The setup: fixed inputs and a variable input
Diminishing returns is a short-run idea, because it only makes sense when at least one input is fixed. In the short run a firm cannot change its plant size, so it has a fixed amount of capital (one kitchen, one factory, one field) and it varies a single input, usually labor. As it adds workers to that fixed capital, it observes how total output responds. See short run vs long run for why the fixed input matters.
Two terms do the heavy lifting:
Total product is the total quantity of output produced with a given number of workers.
Marginal product is the extra output from adding one more worker, calculated as the change in total product divided by the change in the number of workers. See marginal product.
A worked marginal-product table
Imagine a bakery with one fixed kitchen adding workers one at a time.
| Workers | Total product (loaves) | Marginal product | Average product |
|---|---|---|---|
| 0 | 0 | - | - |
| 1 | 10 | 10 | 10 |
| 2 | 24 | 14 | 12 |
| 3 | 39 | 15 | 13 |
| 4 | 50 | 11 | 12.5 |
| 5 | 58 | 8 | 11.6 |
| 6 | 62 | 4 | 10.3 |
| 7 | 62 | 0 | 8.9 |
| 8 | 60 | -2 | 7.5 |
Read the marginal product column carefully, because it tells the whole story in three stages.
Increasing marginal returns (workers 1 to 3). Each new worker adds more than the last: 10, then 14, then 15. With only one worker the kitchen is under-used and that person has to do everything. Adding a second and third worker allows specialization, one mixes, one bakes, one packages, so output jumps. Marginal product is rising.
Diminishing marginal returns (workers 4 to 7). From the fourth worker on, marginal product falls: 11, then 8, then 4, then 0. The kitchen and its ovens are fixed, so each extra worker has less equipment and space to work with. They still add output, just less and less of it. This is the law of diminishing returns in action, and it begins at the fourth worker here.
Negative marginal returns (worker 8). The eighth worker actually reduces total product from 62 to 60, a marginal product of negative 2. The kitchen is now so crowded that workers get in each other's way. A rational firm never hires into this range.

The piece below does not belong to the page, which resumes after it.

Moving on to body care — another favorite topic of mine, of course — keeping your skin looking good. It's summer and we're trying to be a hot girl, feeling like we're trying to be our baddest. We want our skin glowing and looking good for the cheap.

Notice that total product keeps rising even while marginal product is falling, all the way until marginal product hits zero at the seventh worker. Diminishing returns does not mean output falls, it means output rises by smaller and smaller amounts.

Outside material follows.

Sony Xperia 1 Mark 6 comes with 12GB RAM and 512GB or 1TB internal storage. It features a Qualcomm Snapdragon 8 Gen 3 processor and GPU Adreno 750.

Average product and the marginal-average rule
The last column is worth a second look, because it reveals a relationship the exam loves. Average product is total product divided by the number of workers, the output per worker. Reading down that column, average product climbs to a peak of 13 loaves at the third worker and then falls. Now compare it with marginal product: as long as marginal product sits above average product (through the third worker) it pulls the average up, and the moment marginal product drops below average product (from the fourth worker on) it drags the average down. That is the general marginal-average rule, the same reason a single test score below your current grade average pulls that average down. It follows that the marginal product curve always crosses the average product curve at the very peak of average product, and the identical pattern reappears in the cost curves, where marginal cost slices through average total cost at its lowest point. See average product.
Everyday examples of diminishing returns
The pattern shows up far outside textbooks:
Studying. The first hour of review for an exam might raise your expected score a lot. The fifth straight hour, with a tired brain and a fixed amount of attention, adds much less.
Fertilizer on a field. The first bags of fertilizer boost the harvest substantially. Keep piling it on the same fixed acre and each extra bag helps less, and eventually too much fertilizer harms the crop, the negative-returns range.
Adding cooks to one small kitchen. The proverb "too many cooks spoil the broth" is literally the negative-returns range: past a point, more cooks in a fixed kitchen reduce output.
In every case one input (your attention, the acre, the kitchen) is fixed while another (hours, fertilizer, cooks) varies. That fixed input is what forces returns to diminish.
How diminishing returns shapes the cost curves
Here is the connection the exam cares about most: the shape of the cost curves is the mirror image of the productivity curves. When one input is variable at a fixed wage, the marginal cost of output is directly linked to marginal product by:
Marginal cost = wage per worker / marginal product
Suppose each worker costs a wage of $120. Then the marginal cost of the output produced by each worker is $120 divided by that worker's marginal product:
| Worker | Marginal product | Marginal cost = 120 / MP |
|---|---|---|
| 2 | 14 | $8.57 |
| 3 | 15 | $8.00 |
| 4 | 11 | $10.91 |
| 5 | 8 | $15.00 |
| 6 | 4 | $30.00 |
Look at what happens. While marginal product is rising (through the third worker), marginal cost is falling, reaching its low of $8.00. The moment diminishing returns set in at the fourth worker and marginal product starts falling, marginal cost starts rising: $10.91, then $15.00, then $30.00. Marginal cost slopes upward precisely because marginal product is diminishing. See marginal cost.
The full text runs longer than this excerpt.